I think it's a garbage programme personally, but to each their own.


----------



## Quackerz (Dec 19, 2015)

Fina said:


> I think it's a garbage programme personally, but to each their own.


 Why did you not like it specifically? I have never done it myself but I think the layout is perfect IMO. Just curious.


----------



## Fina (Dec 26, 2004)

Quackerz said:


> Why did you not like it specifically? I have never done it myself but I think the layout is perfect IMO. Just curious.


 Because I think the whole system is flawed. You start light, where you're not really pushing youself, but within a very short time you're at numbers that are too hard to do so you plateau. Also, 5 sets is very mentally challenging once you get to a certain level, and again can be too hard causing you to stop progress.

I just think this plan is not very good, its okay for beginners for a while, but other than that its personally not something I'd recommend.


----------



## Quackerz (Dec 19, 2015)

Fina said:


> Because I think the whole system is flawed. You start light, where you're not really pushing youself, but within a very short time you're at numbers that are too hard to do so you plateau. Also, 5 sets is very mentally challenging once you get to a certain level, and again can be too hard causing you to stop progress.
> 
> I just think this plan is not very good, *its okay for beginners for a while*, but other than that its personally not something I'd recommend.


 That's why it's a beginners program........ a beginner would need to start off light also. If someone who is trained were to do this program it would be silly but for teaching the basics lifts and how to push yourself mentally for beginners I find it a very good layout. I guess everyone has their opinion though.


----------



## Prince Adam (Mar 17, 2012)

Fina said:


> Because I think the whole system is flawed.
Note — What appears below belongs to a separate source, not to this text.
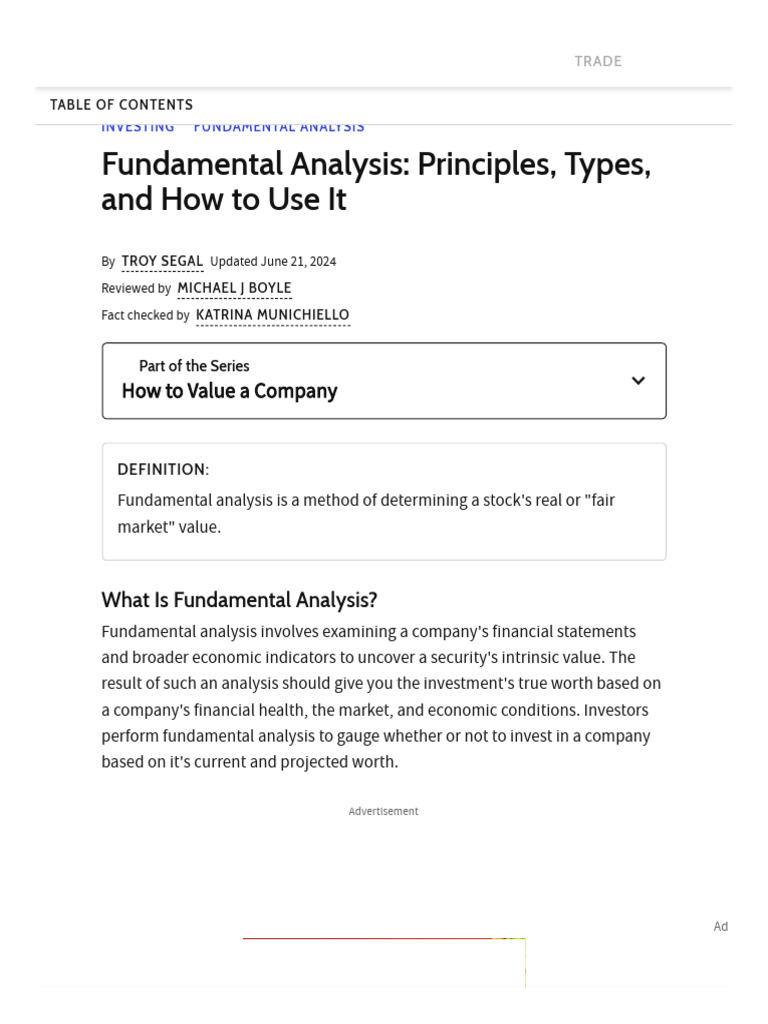 Fundamental Analysis - Principles, Types, and How To Use It | PDF ...
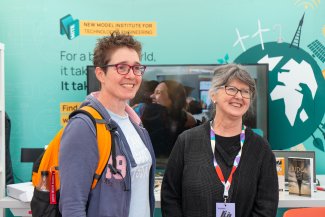 Dr Sarah Peers as Professor of the Day with Professor Charlotte Deane, the Executive Chair at the Engineering and Physical Sciences Research Council (EPSRC) at NMITE Stand at Hay Festival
You start light, where you're not really pushing youself, but within a very short time you're at numbers that are too hard to do so you plateau. Also, 5 sets is very mentally challenging once you get to a certain level, and again can be too hard causing you to stop progress.
> 
> I just think this plan is not very good, its okay for beginners for a while, but other than that its personally not something I'd recommend.


 It's a beginners routine.

You start light to learn the techniques and avoid all sorts of injuries (muscular & tendons)

Yes 5 sets is daunting! but you drop to 3 sets eventually.

It's way better than a noob going straight into a muscle magazine body split routine.


----------



## simonthepieman (Jun 11, 2012)

Prince Adam said:


> It's a beginners routine.
> 
> You start light to learn the techniques and avoid all sorts of injuries (muscular & tendons)
> 
> ...


 x2


----------



## Fina (Dec 26, 2004)

And a beginner will hit a wall very quickly with this plan


----------



## Quackerz (Dec 19, 2015)

Fina said:


> And a beginner will hit a wall very quickly with this plan


 That is why it has a progression outlined for when you stall? Have you read the actual program? Granted it is not even his and the author is a t**t but there is a whole progression of about 3 or 4 blocks for when you stall, it does not constantly remain the same throughout. It also explains how to progress onto other programs afterwards. I do not see your point?


----------



## Donny dog (May 1, 2013)

Can anyone post me a link to the programme please??

Ive been training on and off for about 4 years now and Ive never really followed a set programme. Just went in the gym and lifted some weights. Done some heavy bag work, jogging, swimming.

Im more interested in strength training than body building. I just know putting some decent size on is an added almost side effect of making massive strength gains.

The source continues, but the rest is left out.